* [Exercise prompt]:
Output all entries verbatim, dropping pictures.

* [Listed entries]:

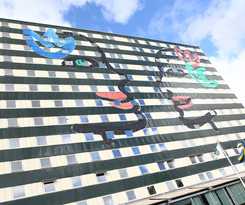 Hotel Comfort Panorama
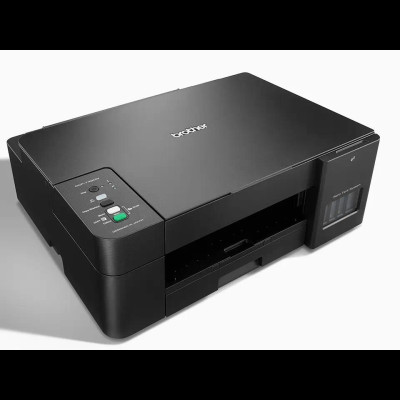 Multifunkčná tlačiareň Brother DCP-T420W (DCPT420WYJ1)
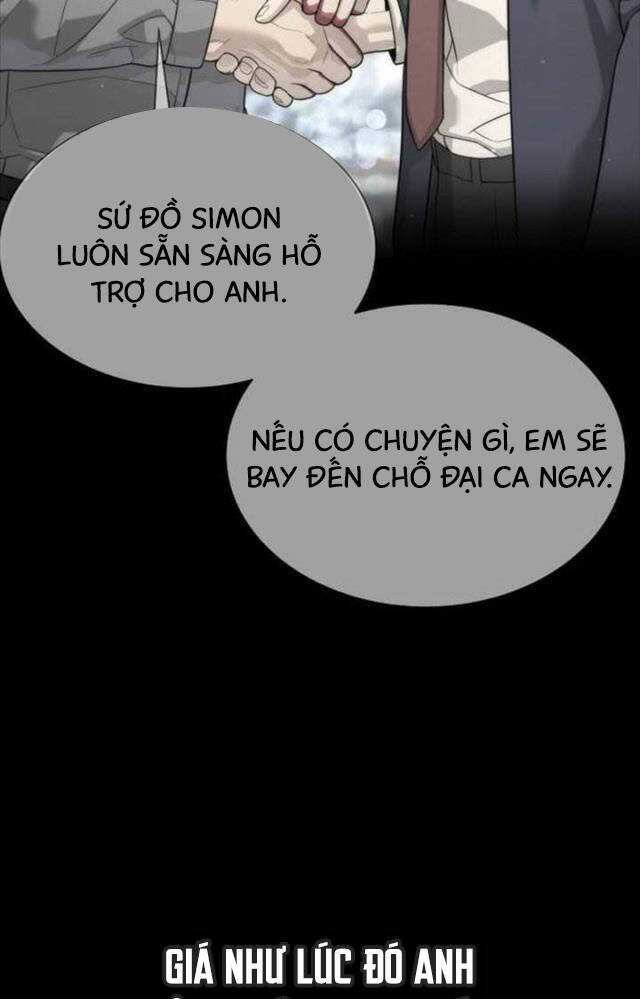 Sát Thủ Peter Tập 26 trang 177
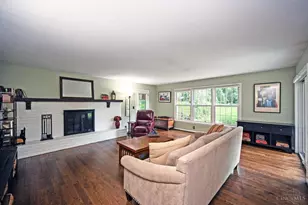 6212 Stirrup Rd, Cincinnati, OH 45244 - Photo 21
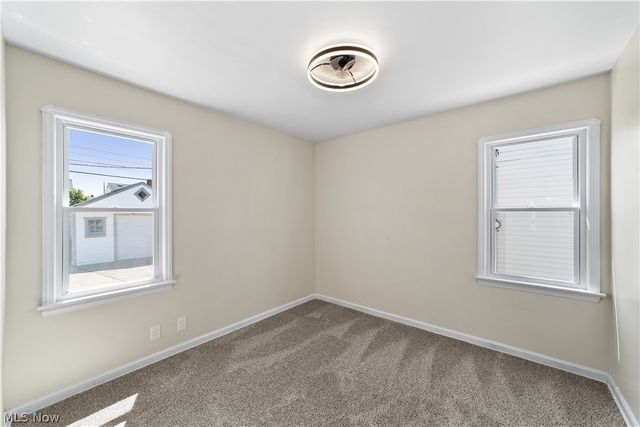 6307 Kenneth Avenue, Parma, OH 44129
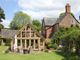 Thumbnail Country house for sale in St. Owens Cross, Hereford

* [Solution below]:
 Hotel Comfort Panorama
 Multifunkčná tlačiareň Brother DCP-T420W (DCPT420WYJ1)
 Sát Thủ Peter Tập 26 trang 177
 6212 Stirrup Rd, Cincinnati, OH 45244 - Photo 21
 6307 Kenneth Avenue, Parma, OH 44129
 Thumbnail Country house for sale in St. Owens Cross, Hereford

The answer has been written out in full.